Top of DATA EXCERPTS

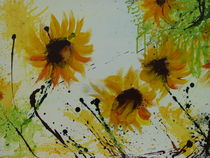 Sonnenblumen in Acryl von Ismeta  Gruenwald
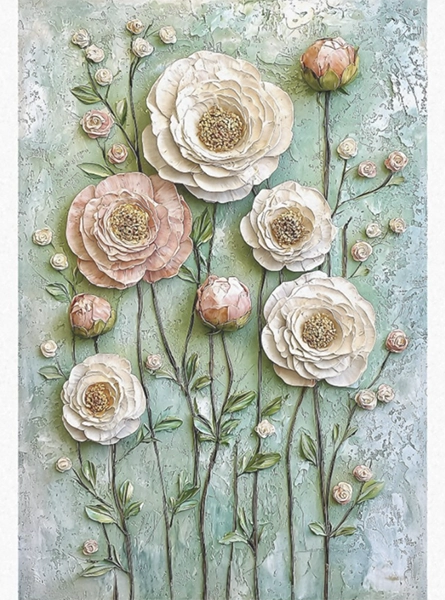 Decoupage Tissue Paper - Whimsical Rose Stalks (38.1cm x 50.8cm) - Rustic Farmhouse Charm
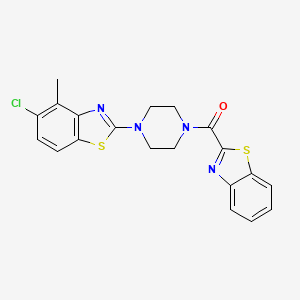molecular formula C20H17ClN4OS2 B3408842 Benzo[d]thiazol-2-yl(4-(5-chloro-4-methylbenzo[d]thiazol-2-yl)piperazin-1-yl)methanone CAS No. 886918-65-6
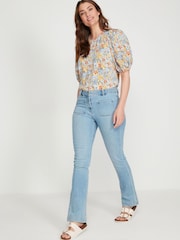 M&co Geblümte Bluse mit Puffärmeln, Blau - Bild 3 von 6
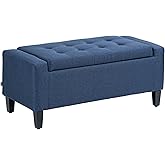 HOMCOM 36" Ottoman with Storage, Storage Ottoman Bench with Lift Top and Rubberwood Legs, Linen Upholstered Entryway Bench with Seating for Living Room, Bedroom, Holds up to 330 lb, Dark Blue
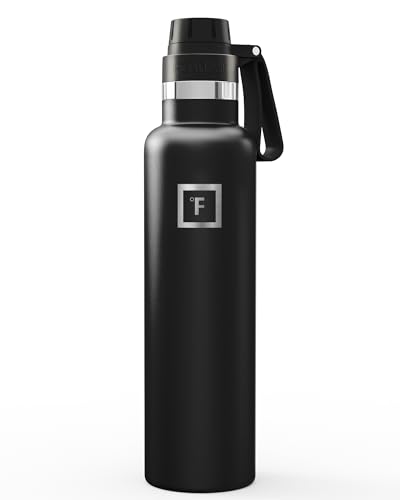 IRON °FLASK Camping & Hiking Hydration Flask with Spout, Narrow Mouth Insulated Stainless Steel Sports Water Bottle - Midnight Black 24 oz - Spout (1 Lid)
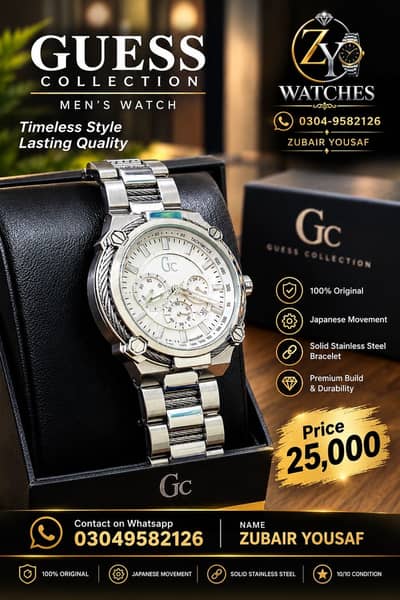 100% Original Gc Japan & 100%Original New Tommy Watch each Price 24999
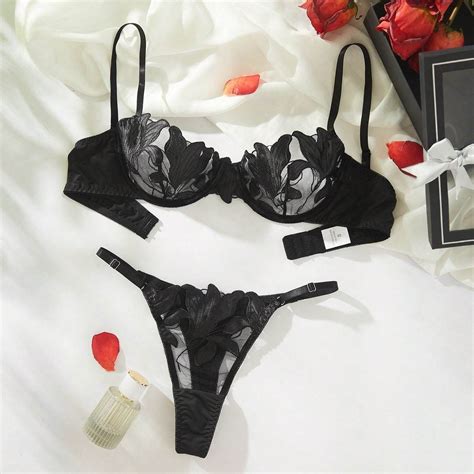 Bralette And Panty Set Bride Langerie Women Lengerie Bra Set Black Transparent Sexy Hot Japanese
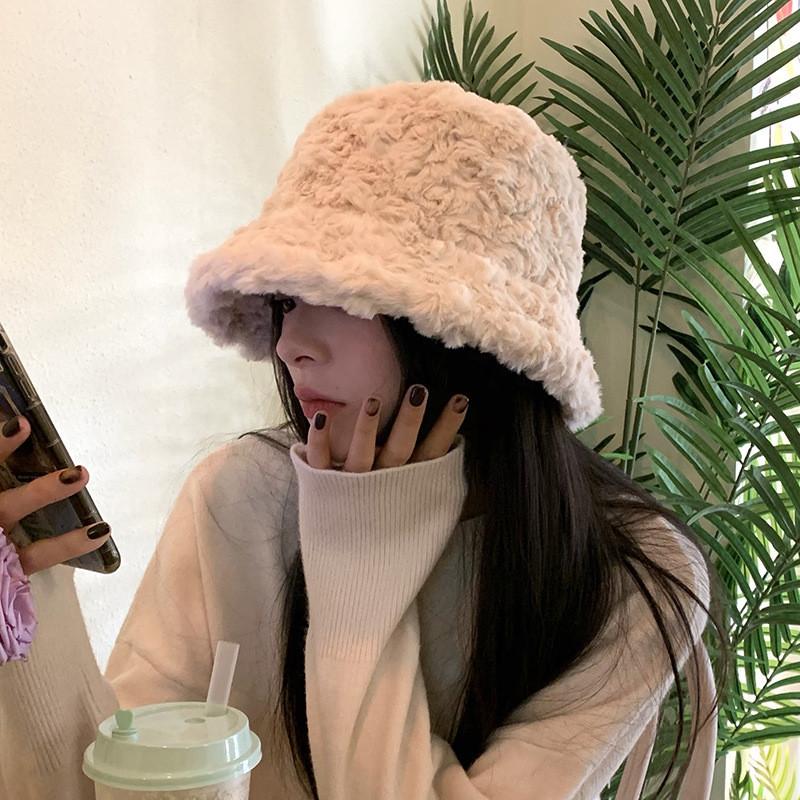 Fluffy Warm Beige Winter Hat For Women Sweet Korean Style Ear Bucket Protection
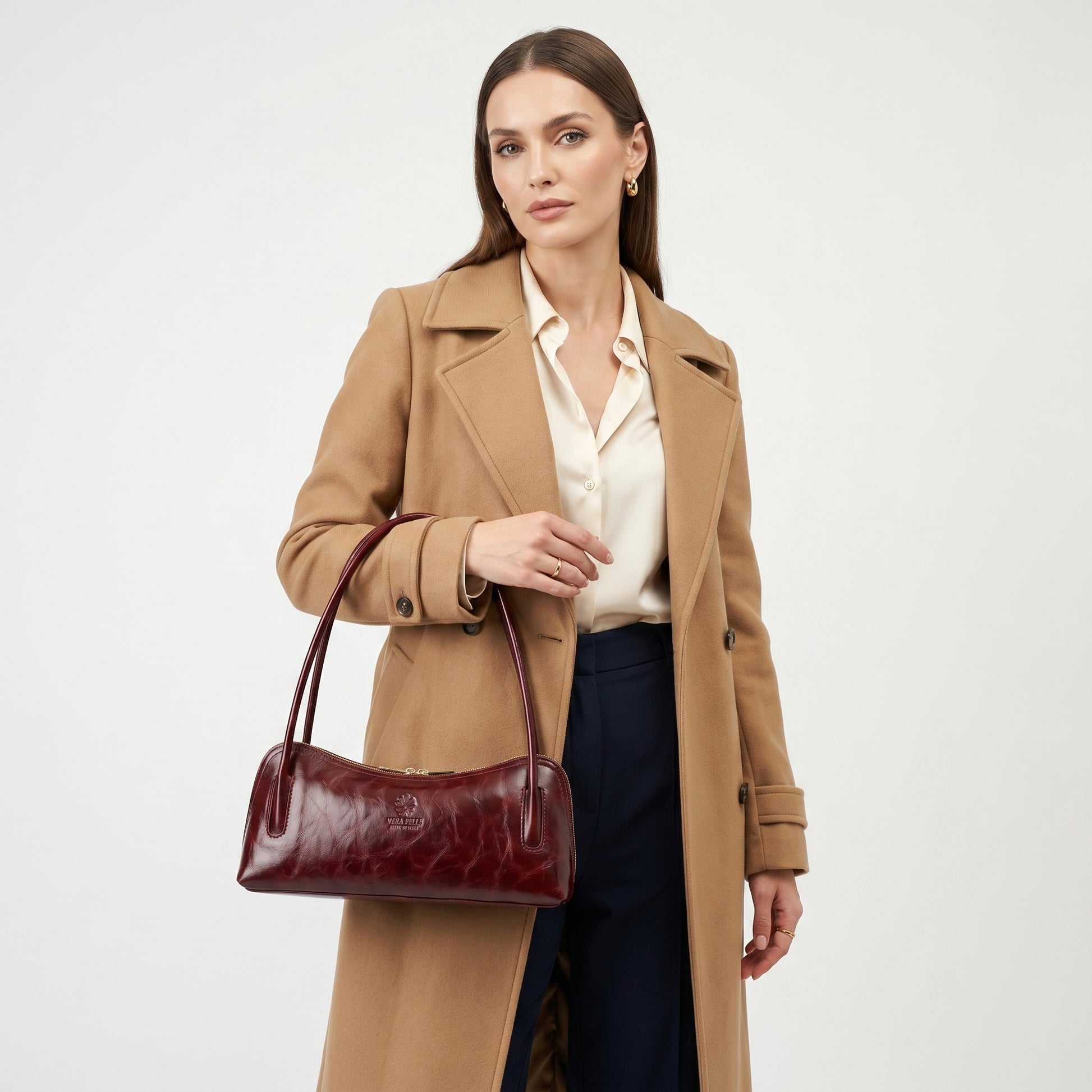Lucy borsa a tracolla vera pelle premium verde made in Italy – vista dall'alto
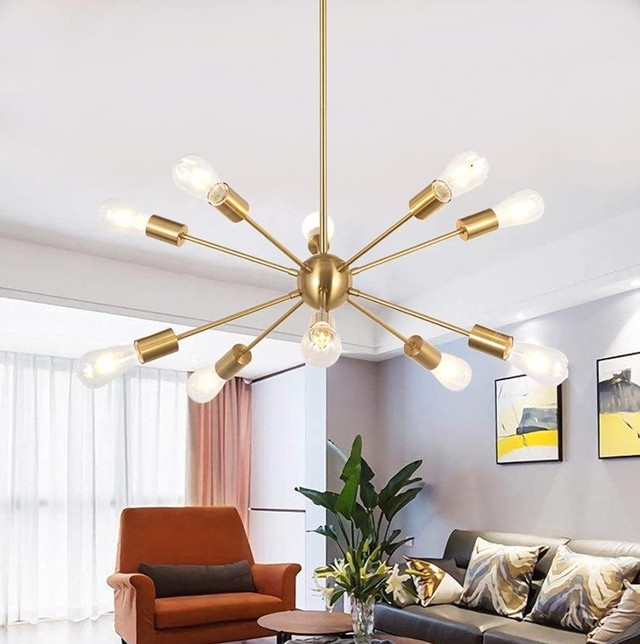 BONLICHT Sputnik Chandelier 10 Light Brushed Brass Mid Century in Indoor Lighting & Fans in City of Toronto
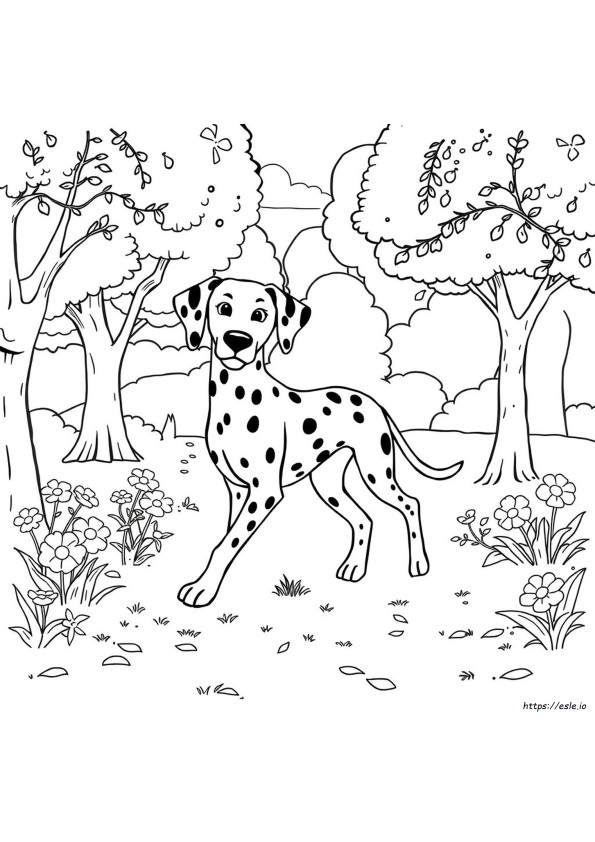 Gambar Mewarnai Anjing Dalmatian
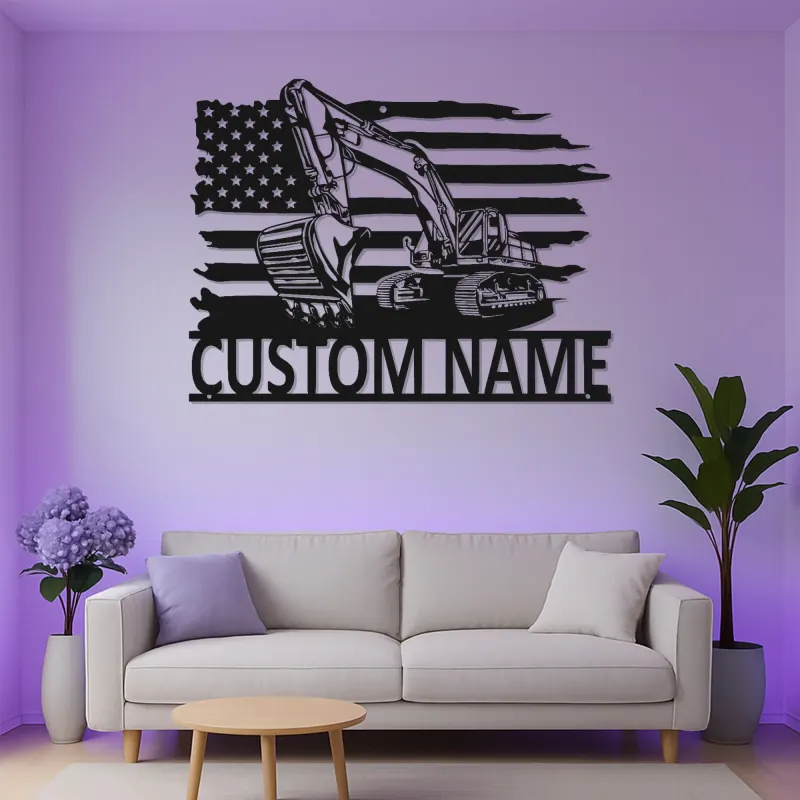 Décoration métallique LED personnalisée d’excavatrice | Panneau prénom avec drapeau américain | Déco d’engin lourd pour garage | Cadeau pour conducteur d’engins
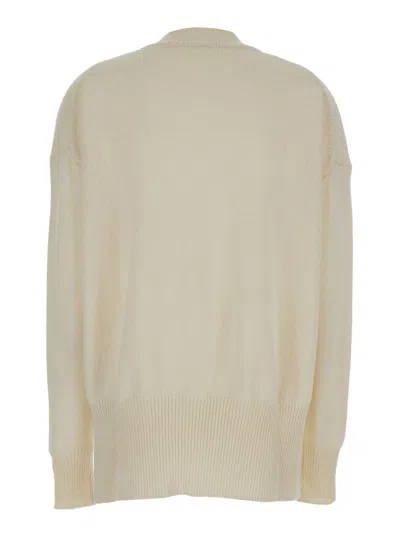 Jil Sander Cream Ribbed Pullover In White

Bottom of DATA EXCERPTS

WORK ORDER.
Return every line above word for word, minus images.

EXERCISE SOLUTION.
 Sonnenblumen in Acryl von Ismeta  Gruenwald
 Decoupage Tissue Paper - Whimsical Rose Stalks (38.1cm x 50.8cm) - Rustic Farmhouse Charm
molecular formula C20H17ClN4OS2 B3408842 Benzo[d]thiazol-2-yl(4-(5-chloro-4-methylbenzo[d]thiazol-2-yl)piperazin-1-yl)methanone CAS No. 886918-65-6
 M&co Geblümte Bluse mit Puffärmeln, Blau - Bild 3 von 6
 HOMCOM 36" Ottoman with Storage, Storage Ottoman Bench with Lift Top and Rubberwood Legs, Linen Upholstered Entryway Bench with Seating for Living Room, Bedroom, Holds up to 330 lb, Dark Blue
 IRON °FLASK Camping & Hiking Hydration Flask with Spout, Narrow Mouth Insulated Stainless Steel Sports Water Bottle - Midnight Black 24 oz - Spout (1 Lid)
 100% Original Gc Japan & 100%Original New Tommy Watch each Price 24999
 Bralette And Panty Set Bride Langerie Women Lengerie Bra Set Black Transparent Sexy Hot Japanese
 Fluffy Warm Beige Winter Hat For Women Sweet Korean Style Ear Bucket Protection
Lucy borsa a tracolla vera pelle premium verde made in Italy – vista dall'alto
 BONLICHT Sputnik Chandelier 10 Light Brushed Brass Mid Century in Indoor Lighting & Fans in City of Toronto
 Gambar Mewarnai Anjing Dalmatian
 Décoration métallique LED personnalisée d’excavatrice | Panneau prénom avec drapeau américain | Déco d’engin lourd pour garage | Cadeau pour conducteur d’engins
 Jil Sander Cream Ribbed Pullover In White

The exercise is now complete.